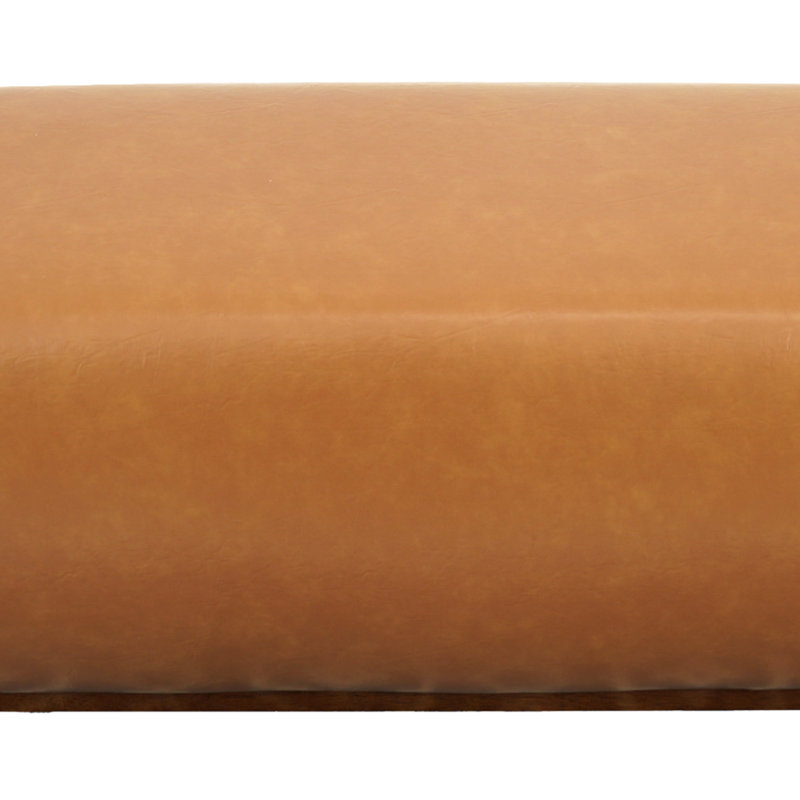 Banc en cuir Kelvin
...
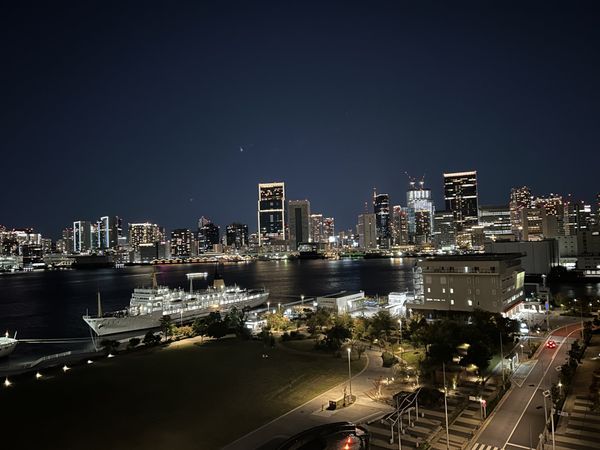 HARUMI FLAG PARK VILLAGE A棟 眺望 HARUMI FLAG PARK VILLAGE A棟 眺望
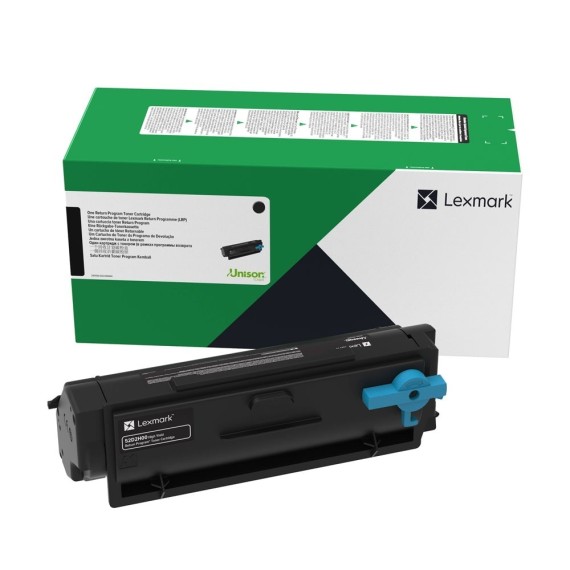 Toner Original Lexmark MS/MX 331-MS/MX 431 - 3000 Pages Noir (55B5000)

• [EXERCISE PROMPT]
Produce an exact reproduction of the listing above, limited to the lines starting at the line with "HARUMI FLAG PARK VILLAGE A棟 眺望 HARUMI" and ending at the line with "Toner Original Lexmark", both kept, with every picture left out.

• [ANSWER TO THE EXERCISE]
 HARUMI FLAG PARK VILLAGE A棟 眺望 HARUMI FLAG PARK VILLAGE A棟 眺望
 Toner Original Lexmark MS/MX 331-MS/MX 431 - 3000 Pages Noir (55B5000)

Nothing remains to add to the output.